Dès lors que cette clarification est faite, cette cohabitation ne devrait plus, à priori, poser de problème. Et pourtant, il y en a bien un : l’éducation inclusive prônée ci et là depuis quelques années par les ONG, les institutions spécialisées dans l’éducation et même le Gouvernement. Au regard de ce que prévoit l’éducation inclusive, peut-on encore comprendre cette cohabitation entre ces deux écoles ? Ou a-t-on troqué la définition de l’éducation inclusive contre une autre ? Rappelons donc ce qu’est l’éducation inclusive.
Que comprendre de l’«Education Inclusive» ?
Bienvenu Komaklo est directeur de l’Ecole Primaire Publique des sourds. Vêtu d’une tenue communément appelée ‘’Bohoumba’’ et confortablement assis dans son bureau, ce mardi 23 novembre, il donne sa compréhension de l’éducation inclusive. «L’éducation inclusive s’entend par le fait qu’il faut mettre les enfants handicapés ensemble avec les enfants non handicapés. Cela veut dire que tous les types d’enfants peuvent rester ensemble pour travailler, apprendre et échanger», dit-il. Christophe Kpomaho, directeur de l’EPP Vêdoko 2, groupe A, dira à sa suite: «L’éducation inclusive est une éducation qui prend en compte, dans un même milieu, des enfants de différentes catégories, tels que les enfants normaux et les enfants à déficience sur plusieurs facettes». Autrefois institutrice dans les écoles publiques, Perpétue Afomassè Hounnou est aujourd’hui directrice-fondatrice d’une école à option inclusive, depuis bientôt 20 ans.

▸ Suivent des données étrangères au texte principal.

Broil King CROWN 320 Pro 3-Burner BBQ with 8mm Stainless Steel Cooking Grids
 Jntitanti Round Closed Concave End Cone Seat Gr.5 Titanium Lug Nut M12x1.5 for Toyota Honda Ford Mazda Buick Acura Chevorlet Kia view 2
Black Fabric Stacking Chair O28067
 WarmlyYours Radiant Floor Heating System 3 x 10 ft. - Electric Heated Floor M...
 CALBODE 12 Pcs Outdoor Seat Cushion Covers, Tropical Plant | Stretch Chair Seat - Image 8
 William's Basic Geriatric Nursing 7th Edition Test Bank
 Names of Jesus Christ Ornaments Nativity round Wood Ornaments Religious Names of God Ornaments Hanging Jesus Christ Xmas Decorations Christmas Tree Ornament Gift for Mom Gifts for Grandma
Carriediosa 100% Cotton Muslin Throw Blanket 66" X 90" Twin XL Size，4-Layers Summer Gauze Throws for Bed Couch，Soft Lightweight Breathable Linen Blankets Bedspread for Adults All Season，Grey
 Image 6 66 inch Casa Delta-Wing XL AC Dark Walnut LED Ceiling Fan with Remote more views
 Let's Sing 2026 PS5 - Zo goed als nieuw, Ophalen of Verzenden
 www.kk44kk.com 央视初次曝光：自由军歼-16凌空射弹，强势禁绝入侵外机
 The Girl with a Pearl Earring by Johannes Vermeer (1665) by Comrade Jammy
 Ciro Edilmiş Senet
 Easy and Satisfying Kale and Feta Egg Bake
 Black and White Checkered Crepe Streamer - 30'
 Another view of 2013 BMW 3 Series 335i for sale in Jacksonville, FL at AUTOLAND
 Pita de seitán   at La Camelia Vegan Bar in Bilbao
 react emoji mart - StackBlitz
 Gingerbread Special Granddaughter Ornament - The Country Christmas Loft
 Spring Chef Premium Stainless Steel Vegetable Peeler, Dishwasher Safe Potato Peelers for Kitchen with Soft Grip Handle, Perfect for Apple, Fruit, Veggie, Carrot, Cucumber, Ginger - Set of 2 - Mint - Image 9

Pour avoir fait l’expérience de l’éducation non inclusive et inclusive, elle semble bien imprégnée de la question. Approuvant les définitions données par ses collègues, elle explique qu’autrefois, «avant de s’instruire, il faut être coûte que coûte équilibré, avoir ses jambes, ses yeux, ses oreilles. Il faut pouvoir parler et être intelligent. Mais l’éducation inclusive vient dire NON à cette règle et veut que tous les enfants aient droit à l’éducation et à l’instruction». Alors, où en est le Bénin dans cette forme d’éducation ?
Education Inclusive dans les écoles publiques, un mythe ?
Que pensez-vous de l’application de l’Education Inclusive dans les écoles publiques au Bénin ? A cette question, les réponses sont pratiquement identiques dans le rang des acteurs de l’éducation. Enseignant communautaire à l’école béninoise des sourds de Vêdoko, Narcisse Dagan affirme que l’éducation inclusive n’existe pas au sens propre dans le public. «Quand on voit tout ce qui entre en jeu pour que l’éducation soit réellement ce que les gens ont pensé au départ, on passe à côté de beaucoup de choses. Pour faire cette forme d’éducation, on a besoin de beaucoup de personnel, ce que nous n’avons pas», renseigne le trentenaire. Abondant dans le même sens que son prédécesseur, Roger Sènouvo, directeur de l’EPP Vêdoko 2, groupe B, affirme n’en avoir jamais vu. Mieux, il doute qu’un jour, l’école étatique en arrive là, au regard de toutes les implications, car, laisse-t-il entendre, «le Bénin n’a pas les moyens de cette politique».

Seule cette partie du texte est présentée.